Australia’s Startup Sector

We tell the story of Australian startup sector

 

 

With big business and industry the key drivers for economic stability, the last two decades have seen a big shift from manufacturing to services. They call it ‘The New Economy’.

Countries across Europe and the Americas recognised the importance of startups as a potential source of economic growth and also a vehicle for wholesale social change, having the potential to change people’s employment and work methodology. In Australia though, there’s a different story. There’s still work to be done to secure the future of the startup industry and catch up with rest of the world. 

For starters, Australia’s startup sector is grossly underfunded. This is despite a recent Google report proclaiming the potential of the Australian startup economy: “The Australian tech startup sector has the potential to contribute $109 billion or 4% of GDP to the Australian economy and 540,000 jobs by 2033 with a concerted effort from entrepreneurs, educators, the government and corporate Australia.”

The potential is there, the funding isn’t. 

While there are endless incubation programs and accelerator funding options available, consistent and substantial support for Australian startups is lacking. The government seems unwilling to fully commit education, funding and legislation to the industry.

The UK and the US have made significant changes to education, ensuring a much greater focus on STEM subjects (Science, Technology, Engineering and Maths). They know that graduates in these fields are the ones launching the most successful startups.

The recent suspension of the government’s ‘Commercialisation Australia’ program is a perfect example of Australia’s reluctance to fully engage. The program was suspended in March pending further review until after the May Federal Budget, a decision met by a fierce backlash. It meant the loss (at least temporarily) of essential funding and resources. But it also addressed one of Australia’s greatest challenges: the loss of intellectual capital to brighter overseas opportunities. 

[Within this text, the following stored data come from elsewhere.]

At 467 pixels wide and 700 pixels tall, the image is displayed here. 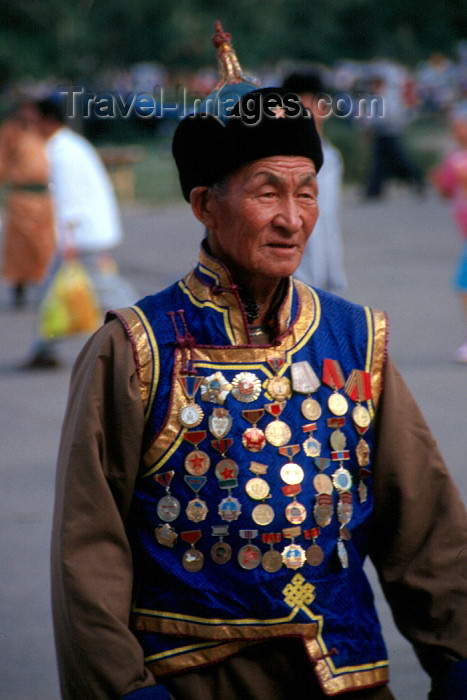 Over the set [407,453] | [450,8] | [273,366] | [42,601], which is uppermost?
[450,8]

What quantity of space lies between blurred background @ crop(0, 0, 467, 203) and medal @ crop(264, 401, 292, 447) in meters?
25.1

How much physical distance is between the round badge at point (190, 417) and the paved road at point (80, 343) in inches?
71.8

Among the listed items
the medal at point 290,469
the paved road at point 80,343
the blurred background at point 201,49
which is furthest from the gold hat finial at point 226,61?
the blurred background at point 201,49

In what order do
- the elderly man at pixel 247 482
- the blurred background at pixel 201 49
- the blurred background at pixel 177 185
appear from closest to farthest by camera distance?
the elderly man at pixel 247 482 → the blurred background at pixel 177 185 → the blurred background at pixel 201 49

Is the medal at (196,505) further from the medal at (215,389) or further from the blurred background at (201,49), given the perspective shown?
the blurred background at (201,49)

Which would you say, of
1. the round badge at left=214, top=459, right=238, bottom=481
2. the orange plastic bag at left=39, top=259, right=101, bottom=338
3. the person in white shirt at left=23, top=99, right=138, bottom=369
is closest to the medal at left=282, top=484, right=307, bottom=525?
the round badge at left=214, top=459, right=238, bottom=481

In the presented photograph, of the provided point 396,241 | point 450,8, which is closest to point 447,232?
point 396,241

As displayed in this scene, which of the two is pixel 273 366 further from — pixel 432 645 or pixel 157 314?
pixel 432 645

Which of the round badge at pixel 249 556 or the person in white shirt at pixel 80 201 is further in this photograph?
the person in white shirt at pixel 80 201

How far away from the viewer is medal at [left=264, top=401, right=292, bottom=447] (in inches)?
92.8

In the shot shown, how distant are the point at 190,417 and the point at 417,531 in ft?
1.72

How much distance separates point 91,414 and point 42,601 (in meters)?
2.43

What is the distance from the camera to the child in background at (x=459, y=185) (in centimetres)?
836

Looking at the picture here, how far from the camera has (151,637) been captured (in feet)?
7.62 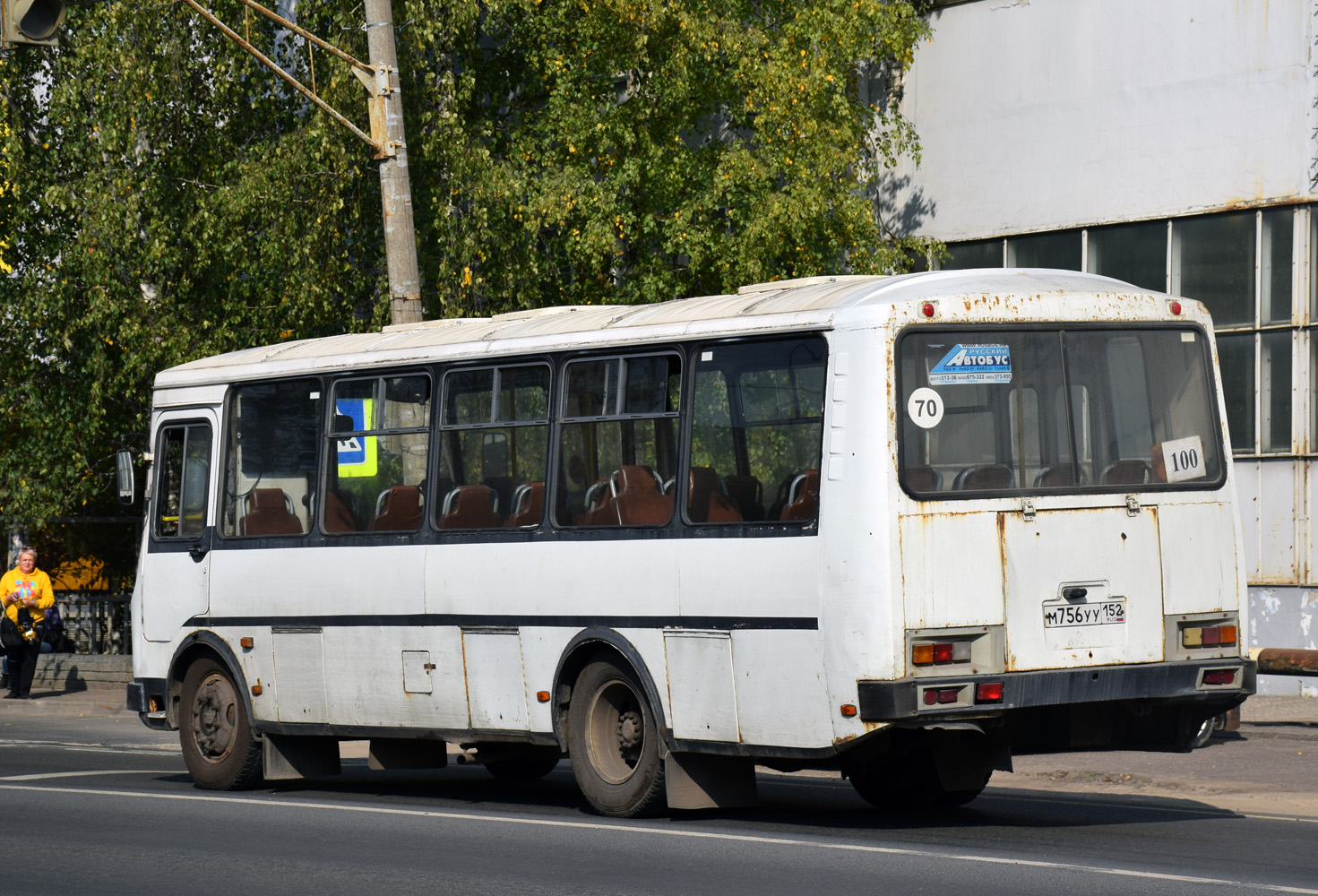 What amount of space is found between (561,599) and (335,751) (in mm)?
3294

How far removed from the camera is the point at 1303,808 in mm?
11672

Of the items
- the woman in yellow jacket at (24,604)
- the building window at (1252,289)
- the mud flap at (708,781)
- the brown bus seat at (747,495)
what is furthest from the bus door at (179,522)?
the building window at (1252,289)

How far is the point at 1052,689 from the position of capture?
965 cm

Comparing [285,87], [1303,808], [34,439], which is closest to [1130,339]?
[1303,808]

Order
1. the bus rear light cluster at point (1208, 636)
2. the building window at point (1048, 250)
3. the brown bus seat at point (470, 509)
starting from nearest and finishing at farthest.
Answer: the bus rear light cluster at point (1208, 636) < the brown bus seat at point (470, 509) < the building window at point (1048, 250)

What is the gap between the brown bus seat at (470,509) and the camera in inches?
463

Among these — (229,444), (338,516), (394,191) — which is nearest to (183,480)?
(229,444)

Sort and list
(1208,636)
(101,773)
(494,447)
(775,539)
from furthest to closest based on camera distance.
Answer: (101,773) < (494,447) < (1208,636) < (775,539)

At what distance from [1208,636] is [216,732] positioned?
6.87m

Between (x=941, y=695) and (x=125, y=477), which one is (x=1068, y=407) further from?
(x=125, y=477)

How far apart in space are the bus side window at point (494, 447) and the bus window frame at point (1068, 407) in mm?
2591

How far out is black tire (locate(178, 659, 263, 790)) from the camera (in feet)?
43.9

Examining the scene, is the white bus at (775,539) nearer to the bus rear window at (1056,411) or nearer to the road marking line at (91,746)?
the bus rear window at (1056,411)

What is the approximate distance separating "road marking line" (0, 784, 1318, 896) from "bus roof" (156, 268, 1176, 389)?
2.59 meters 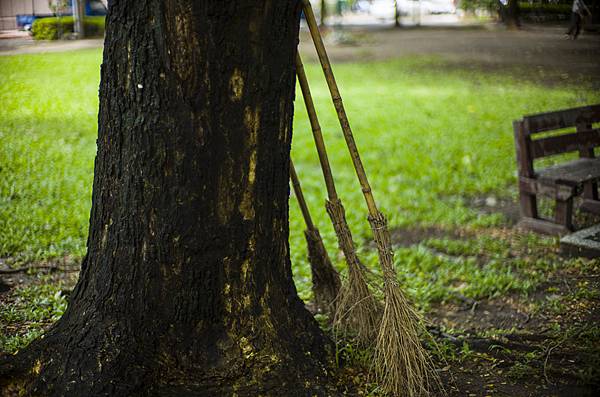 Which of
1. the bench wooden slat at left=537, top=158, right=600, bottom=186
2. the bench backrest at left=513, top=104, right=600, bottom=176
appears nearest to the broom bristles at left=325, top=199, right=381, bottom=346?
the bench wooden slat at left=537, top=158, right=600, bottom=186

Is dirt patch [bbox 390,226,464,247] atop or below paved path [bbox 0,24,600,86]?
below

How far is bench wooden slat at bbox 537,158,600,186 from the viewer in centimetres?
447

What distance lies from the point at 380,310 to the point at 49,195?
2270mm

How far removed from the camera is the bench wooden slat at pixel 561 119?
15.4 feet

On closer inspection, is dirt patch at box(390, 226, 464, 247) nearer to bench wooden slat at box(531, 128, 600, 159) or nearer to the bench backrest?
the bench backrest

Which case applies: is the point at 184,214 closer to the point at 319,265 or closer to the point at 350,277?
the point at 350,277

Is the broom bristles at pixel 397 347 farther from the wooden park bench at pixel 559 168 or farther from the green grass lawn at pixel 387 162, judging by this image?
the wooden park bench at pixel 559 168

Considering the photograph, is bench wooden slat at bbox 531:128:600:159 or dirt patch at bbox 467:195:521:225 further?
dirt patch at bbox 467:195:521:225

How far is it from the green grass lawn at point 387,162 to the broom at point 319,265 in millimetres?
629

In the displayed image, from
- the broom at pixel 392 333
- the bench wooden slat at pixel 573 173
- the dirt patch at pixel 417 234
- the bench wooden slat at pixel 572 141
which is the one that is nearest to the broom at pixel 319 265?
the broom at pixel 392 333

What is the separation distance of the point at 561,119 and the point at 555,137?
147 millimetres

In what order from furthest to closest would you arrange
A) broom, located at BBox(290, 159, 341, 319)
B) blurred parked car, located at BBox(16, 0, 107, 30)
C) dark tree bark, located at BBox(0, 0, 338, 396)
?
blurred parked car, located at BBox(16, 0, 107, 30), broom, located at BBox(290, 159, 341, 319), dark tree bark, located at BBox(0, 0, 338, 396)

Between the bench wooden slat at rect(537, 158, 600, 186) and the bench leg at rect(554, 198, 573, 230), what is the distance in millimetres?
165

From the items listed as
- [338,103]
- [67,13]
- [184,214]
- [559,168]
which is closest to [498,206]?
[559,168] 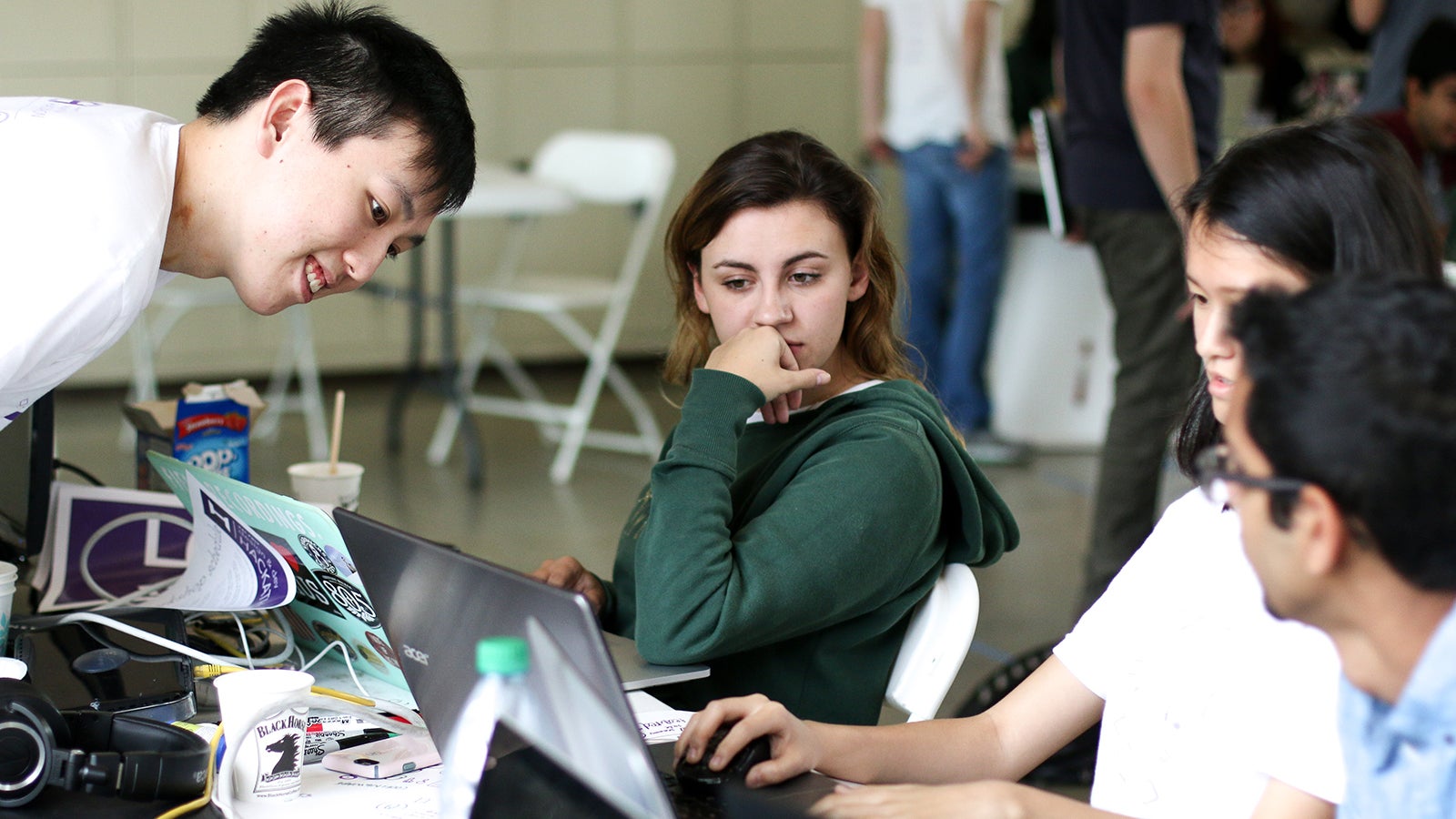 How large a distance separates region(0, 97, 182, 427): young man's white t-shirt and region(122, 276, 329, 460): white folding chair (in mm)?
3194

The light at the end of the tunnel comes from the private sector, overflowing with big success stories that tout the importance of finding and funding good ideas. They show that reward can result from patience, and perseverance.

It’s why creating opportunities for founders is a big deal. For every startup lacking funding and support, there are just as many investors lacking bright ideas to invest in. Unlike government-funded programs, pitch events offer founders the chance to showcase their idea among industry peers and influencers. They know that their passion and vision will be heard, not just the numbers they reel off and the boxes they tick. 

Entrepreneurs believe in nurturing ideas, taking a constructive approach with results measured progress, not just dollars. We know, we’ve walked that path. But entrepreneurs are only one part of the solution. Startup culture depends on the ecosystem and to prevent the government’s choice to deliberate rather than innovate from doing harm, the private sector has to step up to the plate.